The malaria parasite is difficult to study as it has multiple life stages: infecting a mosquito; being passed to a human host; invading cells in the human liver where it reproduces; then spreading through the body in the bloodstream, from where it is taken up by a new mosquito and transmitted to a new person. A common method for studying the function of a gene is to 'delete' it from the genome, to see which processes it is involved in. However, many malaria genes are essential for the parasite to grow in cell culture where the genetic modifications are made, so it is impossible to study their function in later stages.
Using sophisticated genome-editing techniques, the team devised a new method to control when a gene is deleted. They created a 'switch', so that selected genes are only deleted when the drug rapamycin is introduced. This allows them to study gene function at different stages of its lifecycle.
“This opens up a whole new route for researchers to examine this parasite’s genes and understand more about their function and importance,” said lead author Marta Tiburcio, a postdoc at the Crick. “A gene that is vital to the organism during its early life can now be studied in greater depth than ever before, to see what role it may play in later life stages. This is also important for finding the best drug targets which ideally are important in all lifecycle stages.”
To test the method, the team applied it to the AMA1 gene, which may have functions that have not yet been identified. It is known to be important for the invasion of red blood cells, and they hope to further investigate its role in later stages with the new method.
“Current vaccines are not efficient and resistance to all treatments of malaria has been observed,” said Moritz Treeck, group leader at the Crick’s Signalling in Apicomplexan Parasites Laboratory. “By being able to delete genes at later stages of malaria’s lifecycle, new vaccines may be developed in the form of weakened parasites that allow the body to develop a strong immune response.

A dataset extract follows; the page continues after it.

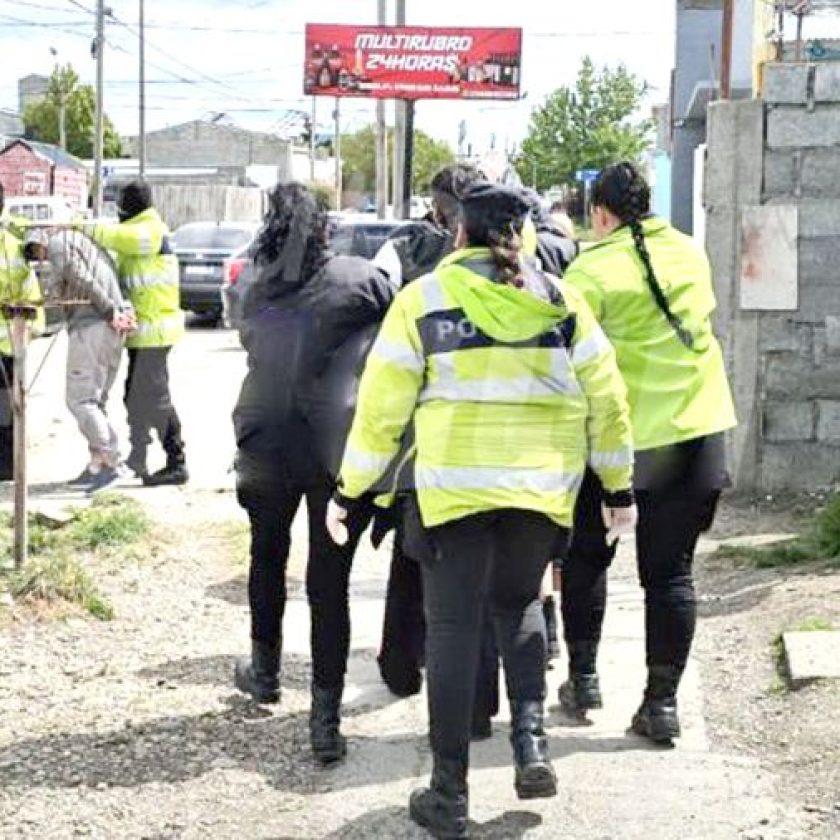 Quejas por música alta derivan en 11 detenciones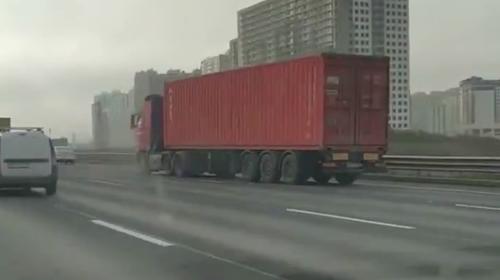 Piloto supuestamente fallecido conduce tráiler varios kilómetros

“At the moment, live vaccinations use a modified strain that dies shortly after reaching the liver. However, this means the immune system isn't 'trained' to deal with the parasite in later life stages, so the vaccine is less effective. If we could engineer a modified malaria parasite that loses vital genes at the end of its lifecycle, that would be very exciting indeed. Such an approach is still at least a decade away, but this takes us one step closer.”